In 2009, Forbes ranked Doral as second among the top 25 towns in America in which to live well. It said that Doral had one of the nation’s highest concentrations of small businesses per capita, especially surrounding aerospace and logistics, mainly because of its proximity to Miami International Airport.
It also showed the drawback of having very few cutting-edge companies developing new technologies or creating new fields. Its rank for venture-capital cash and patents were low.
Last year, the Business Insider promoted a debate to try to determine the 15 hottest American cities of the future. Doral was not there.
Forbes recently referred to the college town of Austin, Texas, as the next biggest boomtown of the United States. It is the third fastest growing city, according to the U.S. Census Bureau, with high rates of job creation. Austin is also a hip, artsy town that attracts artists, students, intellectuals and creative types. Its population is about 10 times that of Doral, of which 35.1 percent are Latinos. This means that Austin’s Latino residents are three times that of Doral’s population as a whole. Is the Spanish language the main attraction of this city? Is it the responsible factor for its future? Absolutely not.

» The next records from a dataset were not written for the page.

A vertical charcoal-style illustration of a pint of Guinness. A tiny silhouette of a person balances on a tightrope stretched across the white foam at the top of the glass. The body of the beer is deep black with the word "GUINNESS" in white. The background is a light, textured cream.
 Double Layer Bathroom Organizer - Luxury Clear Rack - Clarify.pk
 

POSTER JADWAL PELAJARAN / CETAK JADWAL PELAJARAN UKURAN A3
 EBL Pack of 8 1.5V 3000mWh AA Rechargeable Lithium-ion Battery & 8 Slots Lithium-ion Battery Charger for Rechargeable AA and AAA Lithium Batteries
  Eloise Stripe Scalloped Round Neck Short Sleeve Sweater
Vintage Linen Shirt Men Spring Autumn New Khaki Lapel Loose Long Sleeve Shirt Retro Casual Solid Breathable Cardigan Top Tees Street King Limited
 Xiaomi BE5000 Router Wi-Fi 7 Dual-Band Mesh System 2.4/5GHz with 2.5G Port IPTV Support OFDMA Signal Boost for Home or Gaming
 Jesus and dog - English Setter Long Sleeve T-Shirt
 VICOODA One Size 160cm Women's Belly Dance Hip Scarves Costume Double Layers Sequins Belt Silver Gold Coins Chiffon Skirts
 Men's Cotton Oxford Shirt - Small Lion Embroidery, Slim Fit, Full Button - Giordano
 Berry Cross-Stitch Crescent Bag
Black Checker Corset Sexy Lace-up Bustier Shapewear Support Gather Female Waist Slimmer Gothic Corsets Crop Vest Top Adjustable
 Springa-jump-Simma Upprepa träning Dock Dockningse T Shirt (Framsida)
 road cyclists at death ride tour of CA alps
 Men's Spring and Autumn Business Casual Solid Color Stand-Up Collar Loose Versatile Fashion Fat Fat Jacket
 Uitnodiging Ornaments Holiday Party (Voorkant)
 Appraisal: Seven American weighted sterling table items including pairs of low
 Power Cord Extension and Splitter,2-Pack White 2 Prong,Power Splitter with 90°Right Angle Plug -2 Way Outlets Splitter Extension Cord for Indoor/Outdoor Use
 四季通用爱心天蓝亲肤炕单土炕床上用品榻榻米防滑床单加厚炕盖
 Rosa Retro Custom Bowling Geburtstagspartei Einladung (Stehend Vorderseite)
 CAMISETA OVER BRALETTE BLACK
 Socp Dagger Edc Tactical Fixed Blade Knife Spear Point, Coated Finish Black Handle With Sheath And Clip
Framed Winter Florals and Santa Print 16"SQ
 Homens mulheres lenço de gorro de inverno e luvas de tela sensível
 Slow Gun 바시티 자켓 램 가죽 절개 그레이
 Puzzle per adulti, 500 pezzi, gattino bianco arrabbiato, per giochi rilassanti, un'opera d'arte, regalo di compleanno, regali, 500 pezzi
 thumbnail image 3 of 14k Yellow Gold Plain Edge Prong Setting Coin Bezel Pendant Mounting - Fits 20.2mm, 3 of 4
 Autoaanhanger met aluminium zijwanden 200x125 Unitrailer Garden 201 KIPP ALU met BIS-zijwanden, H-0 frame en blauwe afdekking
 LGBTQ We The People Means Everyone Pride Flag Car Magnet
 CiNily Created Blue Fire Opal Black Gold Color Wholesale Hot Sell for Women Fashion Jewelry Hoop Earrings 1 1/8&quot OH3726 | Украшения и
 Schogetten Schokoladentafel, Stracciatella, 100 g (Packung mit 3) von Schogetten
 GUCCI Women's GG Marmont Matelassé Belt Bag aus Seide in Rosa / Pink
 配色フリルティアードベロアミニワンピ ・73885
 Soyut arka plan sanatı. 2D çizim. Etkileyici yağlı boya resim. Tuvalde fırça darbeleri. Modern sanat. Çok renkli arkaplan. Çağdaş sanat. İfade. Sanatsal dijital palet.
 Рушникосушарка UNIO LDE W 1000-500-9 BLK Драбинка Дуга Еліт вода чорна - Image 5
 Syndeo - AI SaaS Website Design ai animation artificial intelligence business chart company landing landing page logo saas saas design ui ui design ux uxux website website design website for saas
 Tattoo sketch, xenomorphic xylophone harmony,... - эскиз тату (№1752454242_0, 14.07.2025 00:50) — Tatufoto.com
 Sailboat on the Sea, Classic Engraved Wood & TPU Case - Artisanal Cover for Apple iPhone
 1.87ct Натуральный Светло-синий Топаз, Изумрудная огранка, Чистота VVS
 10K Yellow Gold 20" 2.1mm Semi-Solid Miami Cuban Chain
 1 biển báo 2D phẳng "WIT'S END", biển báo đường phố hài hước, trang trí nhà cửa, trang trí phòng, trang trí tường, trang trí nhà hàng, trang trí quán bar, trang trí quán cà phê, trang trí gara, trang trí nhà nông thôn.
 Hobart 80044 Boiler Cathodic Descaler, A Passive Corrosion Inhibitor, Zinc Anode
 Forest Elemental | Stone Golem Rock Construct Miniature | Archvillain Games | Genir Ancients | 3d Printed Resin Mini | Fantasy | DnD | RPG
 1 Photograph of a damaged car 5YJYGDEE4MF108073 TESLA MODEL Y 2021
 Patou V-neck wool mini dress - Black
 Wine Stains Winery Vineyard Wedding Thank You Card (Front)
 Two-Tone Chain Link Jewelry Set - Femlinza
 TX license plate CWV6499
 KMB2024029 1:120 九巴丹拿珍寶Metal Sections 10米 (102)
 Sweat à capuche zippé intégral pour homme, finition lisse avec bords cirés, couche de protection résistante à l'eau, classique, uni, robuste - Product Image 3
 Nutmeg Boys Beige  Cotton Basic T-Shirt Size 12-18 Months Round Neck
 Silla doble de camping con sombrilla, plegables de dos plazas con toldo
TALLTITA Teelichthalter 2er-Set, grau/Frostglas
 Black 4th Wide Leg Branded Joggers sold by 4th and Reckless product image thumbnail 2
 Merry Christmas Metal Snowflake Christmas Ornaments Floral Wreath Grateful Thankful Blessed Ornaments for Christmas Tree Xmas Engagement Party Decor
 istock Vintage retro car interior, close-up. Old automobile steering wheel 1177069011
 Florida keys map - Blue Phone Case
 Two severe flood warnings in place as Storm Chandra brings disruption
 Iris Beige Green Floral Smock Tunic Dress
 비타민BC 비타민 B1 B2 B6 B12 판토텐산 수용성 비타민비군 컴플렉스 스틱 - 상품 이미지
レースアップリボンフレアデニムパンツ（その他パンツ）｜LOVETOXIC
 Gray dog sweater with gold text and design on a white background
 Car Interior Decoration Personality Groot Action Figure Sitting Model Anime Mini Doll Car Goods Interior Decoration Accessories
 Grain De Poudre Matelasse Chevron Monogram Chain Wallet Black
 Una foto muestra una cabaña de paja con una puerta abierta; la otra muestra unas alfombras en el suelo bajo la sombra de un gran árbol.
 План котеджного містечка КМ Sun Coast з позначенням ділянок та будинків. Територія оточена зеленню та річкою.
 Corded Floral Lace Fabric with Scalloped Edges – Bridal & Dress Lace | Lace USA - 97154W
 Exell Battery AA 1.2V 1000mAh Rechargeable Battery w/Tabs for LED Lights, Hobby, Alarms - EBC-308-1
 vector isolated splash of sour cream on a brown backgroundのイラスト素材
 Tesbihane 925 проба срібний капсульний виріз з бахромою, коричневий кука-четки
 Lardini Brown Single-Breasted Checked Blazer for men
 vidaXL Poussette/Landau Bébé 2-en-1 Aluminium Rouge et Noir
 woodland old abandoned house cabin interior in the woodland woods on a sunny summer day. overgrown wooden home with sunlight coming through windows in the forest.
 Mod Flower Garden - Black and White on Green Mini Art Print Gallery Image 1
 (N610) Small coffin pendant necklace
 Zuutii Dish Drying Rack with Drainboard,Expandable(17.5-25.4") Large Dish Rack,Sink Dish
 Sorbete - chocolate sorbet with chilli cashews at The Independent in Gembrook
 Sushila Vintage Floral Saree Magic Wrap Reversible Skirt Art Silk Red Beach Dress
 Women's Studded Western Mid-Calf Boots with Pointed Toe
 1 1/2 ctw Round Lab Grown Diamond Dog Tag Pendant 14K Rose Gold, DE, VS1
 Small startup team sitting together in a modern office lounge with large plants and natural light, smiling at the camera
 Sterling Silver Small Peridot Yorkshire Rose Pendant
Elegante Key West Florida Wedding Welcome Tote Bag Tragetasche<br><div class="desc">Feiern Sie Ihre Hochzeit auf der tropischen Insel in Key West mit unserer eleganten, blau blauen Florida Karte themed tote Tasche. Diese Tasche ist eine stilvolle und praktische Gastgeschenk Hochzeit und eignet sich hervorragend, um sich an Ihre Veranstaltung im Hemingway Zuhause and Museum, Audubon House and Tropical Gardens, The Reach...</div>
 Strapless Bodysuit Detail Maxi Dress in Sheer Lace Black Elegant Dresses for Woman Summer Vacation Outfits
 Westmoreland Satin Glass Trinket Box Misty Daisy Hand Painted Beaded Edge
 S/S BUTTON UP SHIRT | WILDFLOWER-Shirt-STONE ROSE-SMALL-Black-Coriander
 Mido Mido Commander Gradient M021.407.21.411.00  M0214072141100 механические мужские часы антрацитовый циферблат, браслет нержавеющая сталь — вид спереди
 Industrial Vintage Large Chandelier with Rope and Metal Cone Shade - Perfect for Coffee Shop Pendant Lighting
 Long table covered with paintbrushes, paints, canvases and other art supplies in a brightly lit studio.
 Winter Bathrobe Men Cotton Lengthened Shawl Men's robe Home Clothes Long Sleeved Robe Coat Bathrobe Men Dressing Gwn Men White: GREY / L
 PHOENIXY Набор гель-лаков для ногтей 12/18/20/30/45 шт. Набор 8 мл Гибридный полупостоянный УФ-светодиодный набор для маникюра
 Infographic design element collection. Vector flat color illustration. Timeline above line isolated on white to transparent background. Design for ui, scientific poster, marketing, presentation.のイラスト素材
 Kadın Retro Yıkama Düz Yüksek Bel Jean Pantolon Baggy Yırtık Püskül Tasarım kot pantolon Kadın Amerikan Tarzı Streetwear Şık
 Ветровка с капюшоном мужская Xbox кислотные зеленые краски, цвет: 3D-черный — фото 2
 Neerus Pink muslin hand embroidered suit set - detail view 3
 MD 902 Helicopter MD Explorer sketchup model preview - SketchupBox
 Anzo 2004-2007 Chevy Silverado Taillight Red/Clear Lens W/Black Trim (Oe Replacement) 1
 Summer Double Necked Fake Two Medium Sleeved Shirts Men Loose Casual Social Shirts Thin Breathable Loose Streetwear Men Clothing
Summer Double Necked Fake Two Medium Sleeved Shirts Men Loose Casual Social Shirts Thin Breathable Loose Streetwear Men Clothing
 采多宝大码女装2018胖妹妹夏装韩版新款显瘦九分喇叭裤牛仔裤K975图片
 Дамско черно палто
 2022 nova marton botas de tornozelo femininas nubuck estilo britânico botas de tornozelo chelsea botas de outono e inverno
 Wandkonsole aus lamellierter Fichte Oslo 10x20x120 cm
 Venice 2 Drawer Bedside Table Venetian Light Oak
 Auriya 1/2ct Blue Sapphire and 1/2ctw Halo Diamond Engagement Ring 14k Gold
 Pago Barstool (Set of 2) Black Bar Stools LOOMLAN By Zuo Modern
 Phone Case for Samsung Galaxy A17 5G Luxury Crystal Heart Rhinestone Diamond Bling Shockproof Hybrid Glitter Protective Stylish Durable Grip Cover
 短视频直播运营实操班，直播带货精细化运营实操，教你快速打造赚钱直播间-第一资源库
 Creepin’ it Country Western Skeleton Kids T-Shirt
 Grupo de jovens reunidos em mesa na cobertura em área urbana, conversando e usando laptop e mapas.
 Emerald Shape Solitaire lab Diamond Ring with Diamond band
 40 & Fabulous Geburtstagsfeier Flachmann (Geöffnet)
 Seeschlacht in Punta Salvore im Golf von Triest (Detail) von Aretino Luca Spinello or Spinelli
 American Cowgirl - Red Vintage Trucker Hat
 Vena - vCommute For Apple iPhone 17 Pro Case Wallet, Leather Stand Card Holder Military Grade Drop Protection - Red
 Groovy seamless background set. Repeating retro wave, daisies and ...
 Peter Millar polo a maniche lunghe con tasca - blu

The future of any city requires great people and great ideas. The environment and quality of life are basic conditions needed to have a successful city. It is imperative for a successful city to attract young, creative talent by providing access to high-paying jobs, technology development and the arts.
It is important for such cities to encourage major companies to establish their headquarters there and offer access to new graduates.
It is naive to think that the city alone can work on its future; it needs a partnership with neighboring cities, the county and the state. It is myopic to think that expansion depends on a language. It is a narrow political move with no economic effect. History proves that. It will be better for our elected officials to spend their time and energy on other aspects that are critical for the future of our city.